This is not just about one particular case.

The courts have set a dangerous precedent.

Meaning that for the first time in the country’s history the superior court has invoked the infamous Article 62, which relies upon the undefined notion of moral repute. In other words, this judgement has lowered considerably the threshold when it comes to disqualifying a sitting PM. And this is not in any way shape or form good for Pakistan’s future democratic health, leaving, as it does, the door open to military dictators ready to chop off civilian political heads. Which is why the judiciary had always been extremely cautious about its use. In addition, to further push its case, the SC negatively invoked Section 99(f) of the Representation of People Act 1976, which articulates safeguards against disqualification hinging upon an individual being “sagacious, righteous and non-profligate and honest and ameen”. That it did so without any additional qualifiers pertaining to, for example, definitions of the above itself represents a travesty of justice and only seeks to mock notions of fair and transparent due process.                                                                                           

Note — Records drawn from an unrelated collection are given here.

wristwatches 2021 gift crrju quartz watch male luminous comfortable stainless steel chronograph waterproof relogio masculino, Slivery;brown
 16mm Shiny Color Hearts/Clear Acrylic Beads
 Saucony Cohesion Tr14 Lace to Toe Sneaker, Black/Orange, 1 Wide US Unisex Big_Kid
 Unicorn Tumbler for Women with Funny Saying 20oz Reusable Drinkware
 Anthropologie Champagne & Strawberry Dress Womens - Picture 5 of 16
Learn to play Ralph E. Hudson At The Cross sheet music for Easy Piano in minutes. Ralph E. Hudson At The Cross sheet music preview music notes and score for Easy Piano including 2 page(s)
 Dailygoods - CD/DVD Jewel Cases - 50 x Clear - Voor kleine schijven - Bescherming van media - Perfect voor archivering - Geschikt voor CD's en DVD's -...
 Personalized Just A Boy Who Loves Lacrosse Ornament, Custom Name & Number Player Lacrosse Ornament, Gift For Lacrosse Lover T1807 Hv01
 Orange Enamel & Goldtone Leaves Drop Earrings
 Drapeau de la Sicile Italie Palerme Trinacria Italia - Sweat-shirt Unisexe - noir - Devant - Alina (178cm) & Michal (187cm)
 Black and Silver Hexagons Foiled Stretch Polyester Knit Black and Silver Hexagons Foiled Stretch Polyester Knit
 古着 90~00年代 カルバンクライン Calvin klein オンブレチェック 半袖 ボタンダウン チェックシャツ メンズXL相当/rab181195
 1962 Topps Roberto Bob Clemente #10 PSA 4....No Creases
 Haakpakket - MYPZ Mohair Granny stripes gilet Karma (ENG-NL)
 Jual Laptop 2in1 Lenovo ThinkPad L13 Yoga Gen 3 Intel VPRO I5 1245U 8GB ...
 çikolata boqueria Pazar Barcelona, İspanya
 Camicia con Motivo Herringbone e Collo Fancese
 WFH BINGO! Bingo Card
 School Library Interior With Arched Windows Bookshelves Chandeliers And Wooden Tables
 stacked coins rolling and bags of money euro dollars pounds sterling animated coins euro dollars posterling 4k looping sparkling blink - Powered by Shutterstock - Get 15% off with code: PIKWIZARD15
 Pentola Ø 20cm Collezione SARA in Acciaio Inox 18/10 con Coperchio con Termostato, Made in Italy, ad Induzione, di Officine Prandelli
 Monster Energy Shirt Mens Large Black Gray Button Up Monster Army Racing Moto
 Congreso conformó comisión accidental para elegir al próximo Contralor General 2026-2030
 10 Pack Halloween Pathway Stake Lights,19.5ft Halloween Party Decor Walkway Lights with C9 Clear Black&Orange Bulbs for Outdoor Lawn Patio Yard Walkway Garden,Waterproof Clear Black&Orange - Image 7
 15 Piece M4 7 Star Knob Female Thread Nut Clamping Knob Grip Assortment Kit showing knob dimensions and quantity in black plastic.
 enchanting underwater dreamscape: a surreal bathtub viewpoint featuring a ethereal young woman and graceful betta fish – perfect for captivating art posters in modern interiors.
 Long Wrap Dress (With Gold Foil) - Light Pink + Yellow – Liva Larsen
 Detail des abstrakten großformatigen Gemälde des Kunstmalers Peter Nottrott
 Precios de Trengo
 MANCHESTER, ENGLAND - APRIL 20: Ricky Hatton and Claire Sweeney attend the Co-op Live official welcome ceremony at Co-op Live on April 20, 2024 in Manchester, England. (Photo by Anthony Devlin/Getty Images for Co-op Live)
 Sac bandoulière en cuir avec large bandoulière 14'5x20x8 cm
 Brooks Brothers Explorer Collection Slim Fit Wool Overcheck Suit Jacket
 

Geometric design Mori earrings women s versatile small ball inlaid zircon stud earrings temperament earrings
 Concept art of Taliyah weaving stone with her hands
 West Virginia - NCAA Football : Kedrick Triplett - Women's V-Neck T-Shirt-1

Yet above and beyond all this – the subjectivity of which the above interpretations rely upon delivers a severe blow to kick-starting Pakistan’s accountability process. Meaning that it inadvertently paves the way for those convicted to cry foul of a flawed judicial process and thus play the victim card. Instead of a defendant on trial for criminal acts. Thus the very real fear is that in democratic Pakistan today – the judiciary itself will be the biggest loser in this entire process.

And on that, the jury is very much in.